Honey Bees, Stewardship, and the Honey Hut

A Natural Approach to Beekeeping on a Regenerative Homestead

Out here on our regenerative nursery homestead in Central New York, we do not think of ourselves simply as “beekeepers.” We think of ourselves as bee stewards.

That distinction matters.

A beekeeper often manages bees primarily for production — maximizing honey yields, splitting colonies, medicating hives, feeding sugar syrup, and controlling the colony much like livestock. While many responsible beekeepers care deeply about their bees, our philosophy takes a somewhat different path.

We see honey bees as part of a much larger ecological system. They are not separate from the land, the trees, the flowers, the fungi, the soil, the birds, or the water cycles. They are woven into the living fabric of the homestead itself. Our role is not to dominate that system, but to support it, protect it, and learn from it.

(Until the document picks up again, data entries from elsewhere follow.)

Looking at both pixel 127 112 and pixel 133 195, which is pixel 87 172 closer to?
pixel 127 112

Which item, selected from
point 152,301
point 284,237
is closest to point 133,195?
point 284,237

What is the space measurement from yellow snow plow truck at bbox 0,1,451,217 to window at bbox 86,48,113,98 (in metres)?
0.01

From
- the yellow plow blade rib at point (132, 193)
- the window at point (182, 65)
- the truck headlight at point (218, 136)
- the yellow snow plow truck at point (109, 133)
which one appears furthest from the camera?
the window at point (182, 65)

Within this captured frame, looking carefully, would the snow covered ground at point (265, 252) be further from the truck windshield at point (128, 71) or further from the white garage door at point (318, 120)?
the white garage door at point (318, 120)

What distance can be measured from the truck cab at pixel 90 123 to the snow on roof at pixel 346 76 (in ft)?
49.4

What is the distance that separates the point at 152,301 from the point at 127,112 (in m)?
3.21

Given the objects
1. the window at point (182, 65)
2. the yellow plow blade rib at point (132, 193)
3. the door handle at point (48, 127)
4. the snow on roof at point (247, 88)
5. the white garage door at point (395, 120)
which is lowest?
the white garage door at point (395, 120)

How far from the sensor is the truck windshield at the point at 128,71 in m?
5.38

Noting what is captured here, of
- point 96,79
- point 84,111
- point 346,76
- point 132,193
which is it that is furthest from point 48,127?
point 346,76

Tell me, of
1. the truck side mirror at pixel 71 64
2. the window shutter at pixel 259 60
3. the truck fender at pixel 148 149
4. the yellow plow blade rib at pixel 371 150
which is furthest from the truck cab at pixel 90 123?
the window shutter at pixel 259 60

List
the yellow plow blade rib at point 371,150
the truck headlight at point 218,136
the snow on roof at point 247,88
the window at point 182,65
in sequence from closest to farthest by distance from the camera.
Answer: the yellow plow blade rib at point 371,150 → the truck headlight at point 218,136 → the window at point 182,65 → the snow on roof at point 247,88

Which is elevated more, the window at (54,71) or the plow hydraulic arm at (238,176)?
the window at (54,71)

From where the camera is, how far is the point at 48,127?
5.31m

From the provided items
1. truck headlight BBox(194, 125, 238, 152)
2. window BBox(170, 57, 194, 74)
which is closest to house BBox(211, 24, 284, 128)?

The bees are not here simply to produce honey for us. They are here because a healthy permaculture system depends upon pollinators, biodiversity, and balance.

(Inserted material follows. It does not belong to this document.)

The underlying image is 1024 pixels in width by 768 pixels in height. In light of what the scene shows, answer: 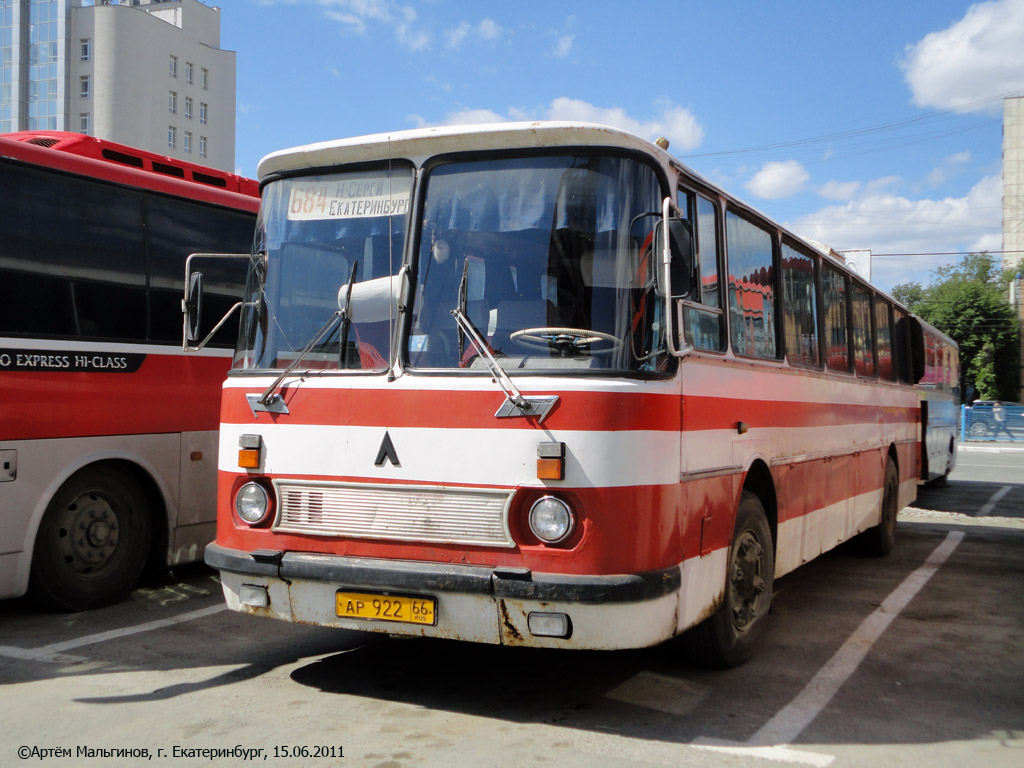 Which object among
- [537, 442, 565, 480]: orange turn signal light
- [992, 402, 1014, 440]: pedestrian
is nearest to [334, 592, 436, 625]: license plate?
[537, 442, 565, 480]: orange turn signal light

The honey is simply a gift that may result from good stewardship.


Our History with Bees

We have been keeping bees here at Mindful Living Sanctuary for many years. Over that time, we have learned far more from the bees than we have ever taught them. We currently manage several Warré hive colonies, and that number grows and changes as the seasons and the bees themselves dictate.

Long before we established our existing apiary, I spent years responding to calls from homeowners across the area who had bee colonies establishing themselves inside walls, ceilings, barns, and outbuildings. Those experiences gave me a deep appreciation for bees' ingenuity and shaped much of how we approach stewardship today. Bees are not problems to be solved. They are communities to be respected.


The Ancient Relationship Between Honey Bees and Nature

Honey bees have existed for millions of years. Long before modern agriculture, pesticides, highways, lawns, and suburban development, bees were already pollinating forests, meadows, and wild landscapes.

Honey bees evolved alongside flowering plants in one of nature’s most remarkable partnerships. Flowers provide nectar and pollen for bees, while bees transfer pollen from bloom to bloom, allowing plants to reproduce. Entire ecosystems depend upon this relationship.

Without pollinators, many fruits, nuts, berries, vegetables, and wild plants would struggle to reproduce successfully. Much of the food we eat — apples, cherries, blueberries, squash, cucumbers, nuts, and countless other crops — depends heavily on pollination.

But beyond agriculture, bees help sustain biodiversity itself. Every blossom pollinated contributes to seeds, fruits, and habitat that feed birds, mammals, insects, and countless other species.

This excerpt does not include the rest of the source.